_ABOUT THIS TASK_
Every single entry should be printed exactly.
□ □ □ □ □
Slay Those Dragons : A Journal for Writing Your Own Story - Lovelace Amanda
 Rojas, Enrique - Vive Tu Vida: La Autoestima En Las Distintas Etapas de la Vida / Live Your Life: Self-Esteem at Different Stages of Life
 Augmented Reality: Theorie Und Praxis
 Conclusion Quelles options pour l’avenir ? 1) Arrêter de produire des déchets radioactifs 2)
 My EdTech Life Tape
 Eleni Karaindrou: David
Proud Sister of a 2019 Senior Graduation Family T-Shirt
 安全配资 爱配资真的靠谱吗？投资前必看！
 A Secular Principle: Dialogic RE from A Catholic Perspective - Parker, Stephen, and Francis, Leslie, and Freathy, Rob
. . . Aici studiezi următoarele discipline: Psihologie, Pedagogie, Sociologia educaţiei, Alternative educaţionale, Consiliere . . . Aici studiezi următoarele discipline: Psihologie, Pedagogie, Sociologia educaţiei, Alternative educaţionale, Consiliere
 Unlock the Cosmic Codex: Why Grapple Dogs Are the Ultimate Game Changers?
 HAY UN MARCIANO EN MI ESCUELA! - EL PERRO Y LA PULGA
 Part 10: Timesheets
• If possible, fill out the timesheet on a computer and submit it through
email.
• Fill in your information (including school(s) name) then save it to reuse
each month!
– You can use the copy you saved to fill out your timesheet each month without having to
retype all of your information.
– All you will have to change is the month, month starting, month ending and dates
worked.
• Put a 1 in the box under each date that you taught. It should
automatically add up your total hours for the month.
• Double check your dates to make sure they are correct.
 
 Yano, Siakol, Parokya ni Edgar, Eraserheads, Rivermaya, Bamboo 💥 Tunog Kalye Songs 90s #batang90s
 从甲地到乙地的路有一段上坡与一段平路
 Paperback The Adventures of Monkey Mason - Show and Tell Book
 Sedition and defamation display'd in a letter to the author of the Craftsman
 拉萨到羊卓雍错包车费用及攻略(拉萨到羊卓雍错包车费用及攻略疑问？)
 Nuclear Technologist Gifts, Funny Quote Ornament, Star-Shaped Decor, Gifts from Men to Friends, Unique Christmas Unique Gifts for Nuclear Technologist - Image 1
□ □ □ □ □
_RESPONSE TO THIS EXERCISE_
Slay Those Dragons : A Journal for Writing Your Own Story - Lovelace Amanda
 Rojas, Enrique - Vive Tu Vida: La Autoestima En Las Distintas Etapas de la Vida / Live Your Life: Self-Esteem at Different Stages of Life
 Augmented Reality: Theorie Und Praxis
 Conclusion Quelles options pour l’avenir ? 1) Arrêter de produire des déchets radioactifs 2)
 My EdTech Life Tape
 Eleni Karaindrou: David
Proud Sister of a 2019 Senior Graduation Family T-Shirt
 安全配资 爱配资真的靠谱吗？投资前必看！
 A Secular Principle: Dialogic RE from A Catholic Perspective - Parker, Stephen, and Francis, Leslie, and Freathy, Rob
. . . Aici studiezi următoarele discipline: Psihologie, Pedagogie, Sociologia educaţiei, Alternative educaţionale, Consiliere . . . Aici studiezi următoarele discipline: Psihologie, Pedagogie, Sociologia educaţiei, Alternative educaţionale, Consiliere
 Unlock the Cosmic Codex: Why Grapple Dogs Are the Ultimate Game Changers?
 HAY UN MARCIANO EN MI ESCUELA! - EL PERRO Y LA PULGA
 Part 10: Timesheets
• If possible, fill out the timesheet on a computer and submit it through
email.
• Fill in your information (including school(s) name) then save it to reuse
each month!
– You can use the copy you saved to fill out your timesheet each month without having to
retype all of your information.
– All you will have to change is the month, month starting, month ending and dates
worked.
• Put a 1 in the box under each date that you taught. It should
automatically add up your total hours for the month.
• Double check your dates to make sure they are correct.
 
 Yano, Siakol, Parokya ni Edgar, Eraserheads, Rivermaya, Bamboo 💥 Tunog Kalye Songs 90s #batang90s
 从甲地到乙地的路有一段上坡与一段平路
 Paperback The Adventures of Monkey Mason - Show and Tell Book
 Sedition and defamation display'd in a letter to the author of the Craftsman
 拉萨到羊卓雍错包车费用及攻略(拉萨到羊卓雍错包车费用及攻略疑问？)
 Nuclear Technologist Gifts, Funny Quote Ornament, Star-Shaped Decor, Gifts from Men to Friends, Unique Christmas Unique Gifts for Nuclear Technologist - Image 1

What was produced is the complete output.